Let’s wrap up this year with true good wishes from those we’ve been professionally connected with in 2013. While it’s true most people don’t consciously keep “relationship ledgers” with plusses and minuses noted, the quality of any relationship is based on emotional deposits and withdrawals. When you’ve shown someone a kindness or excelled at a task, good will is deposited into that account. Sometimes it isn’t about what someone does for you, but rather about how good you feel about yourself for helping them – for example, when the relationship is defined as a mentoring opportunity. On the other hand, when your only contact with Mr. Z. is when he needs something from you, over time that emotional bank account becomes overdrawn and you avoid him.
Here are easy, practical actions you can take yet this year to start 2014 on the right side of the ledger – three emotional bank account deposits you might make which will inspire others to view you (and your business) as a “positive experience” this year.
How much do you value a referral? Your vendors highly value them, too. Pick three (or more) business relationships and write an unsolicited testimonial for them to a business you think could benefit from their services, with a “cc” to your contact (and the company CEO). Your end-of-the-year reflection about their service and value to your business will boost your intrinsic account value, regardless of its size. And those vendors you wouldn’t recommend … might it be time to replace them?

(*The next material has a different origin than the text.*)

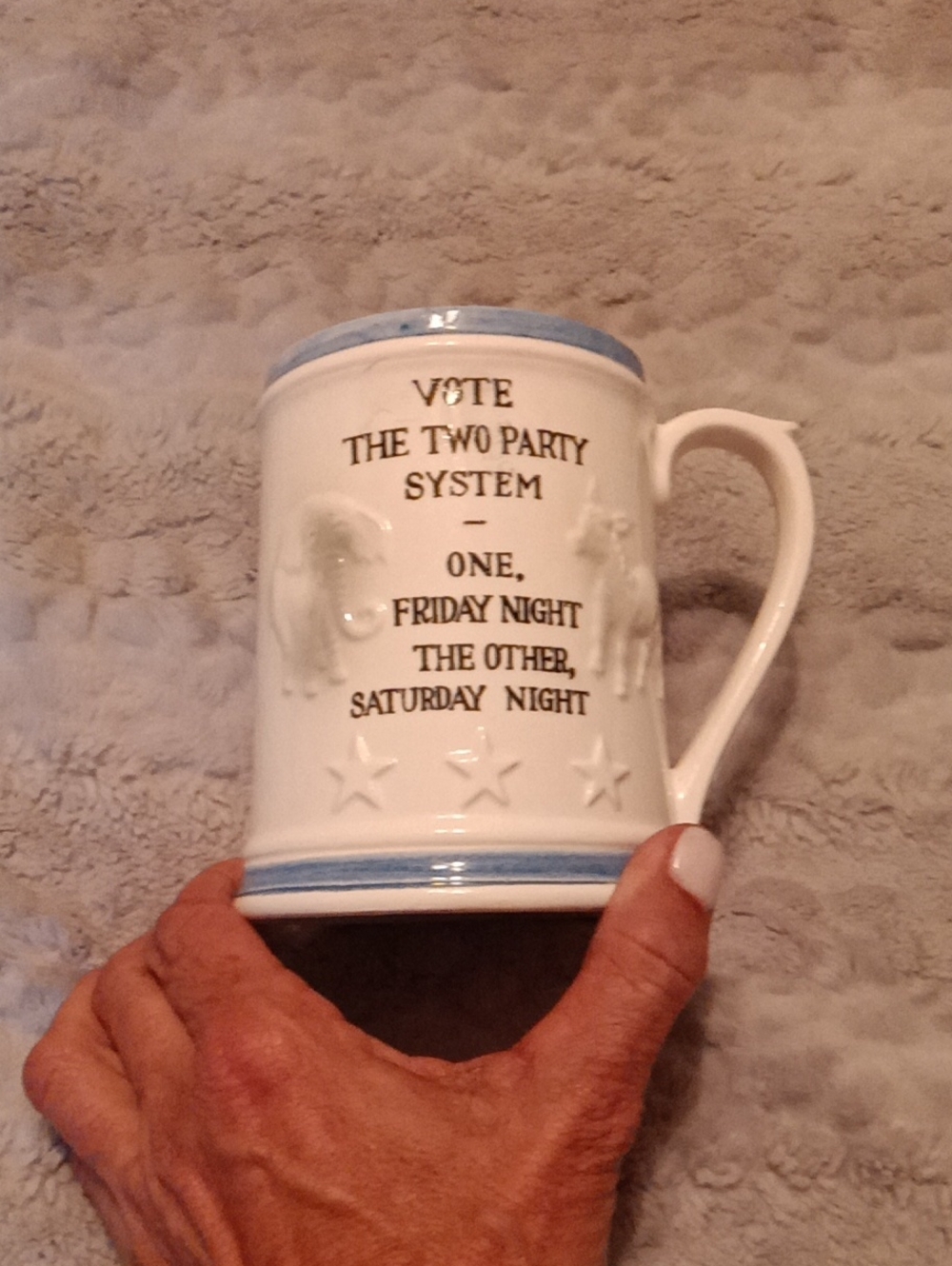 White and Light Blue Political Novelty Ceramic Mug - Unbranded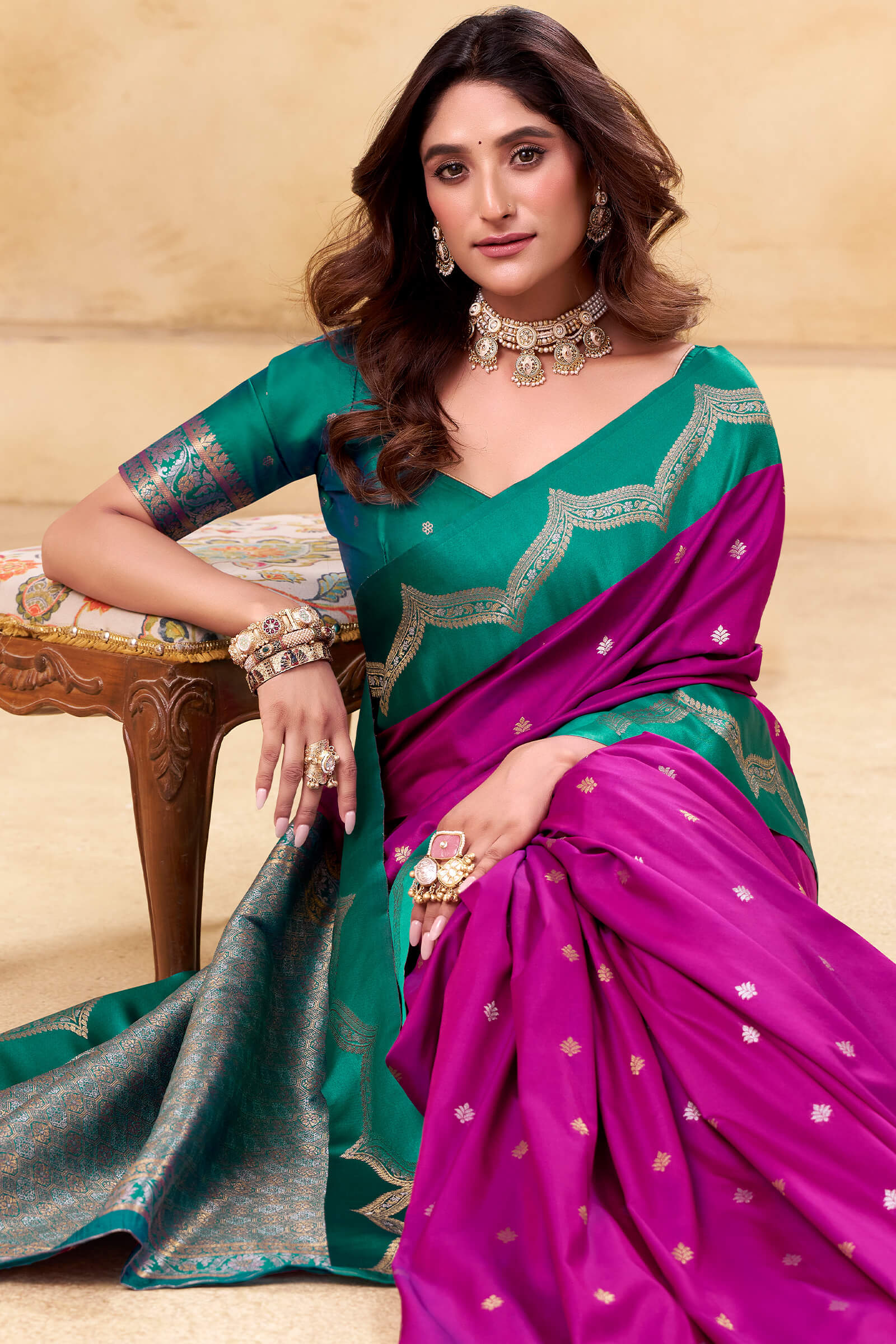 Nectarous Magenta Banarasi Satin Silk Saree With Eloquence Blouse - Image 5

People value your reach and willingness to connect them to others. Who can you easily hookup by email for a mutually beneficial purpose? A straightforward win-win connection isn’t always possible, but you want both sides to know the potential you saw in their meeting: “Hey, B, I was thinking again about how much you like horseback riding, and C owns that riding stable I mentioned last month. You both have inspired me in the past, so I wanted to make a personal connection before the year was out. Have interest in grabbing a quick coffee together with me in mid-January?”
Another plus to reviewing who you know: it makes you a better network participant all year long. When you start thinking of yourself as a connector, you become more interested in people’s hobbies, interests, education, board membership, and other “plug ins”. As Dale Carnegie pointed out all those years ago, how much people like you isn’t based on how they feel about you; it’s based on how you make them feel about them.
It is critical for staff retention that non-profit folks are motivated by mission because pay remains, on average, about 30% lower than one would earn doing the same work in the private sector. Consider writing a letter of thanks to your favorite charities at year end – to the staff – telling them why you appreciate the choice they made to do what they do. Tell them why the mission resonates with you and how their efforts have moved you personally, or how their efforts have made the world in general a kinder place. Don’t limit yourself to those you financially support, and if you are worried about getting on “their list” for solicitations, send it anonymously.
Side benefit: Thinking about charitable enterprises reminds us of our blessings and even perhaps how we overcame some adversity in our own lives. Choosing to be mindful that others are still struggling, and being grateful for those who offer assistance when we cannot, is a present to ourselves at year’s end.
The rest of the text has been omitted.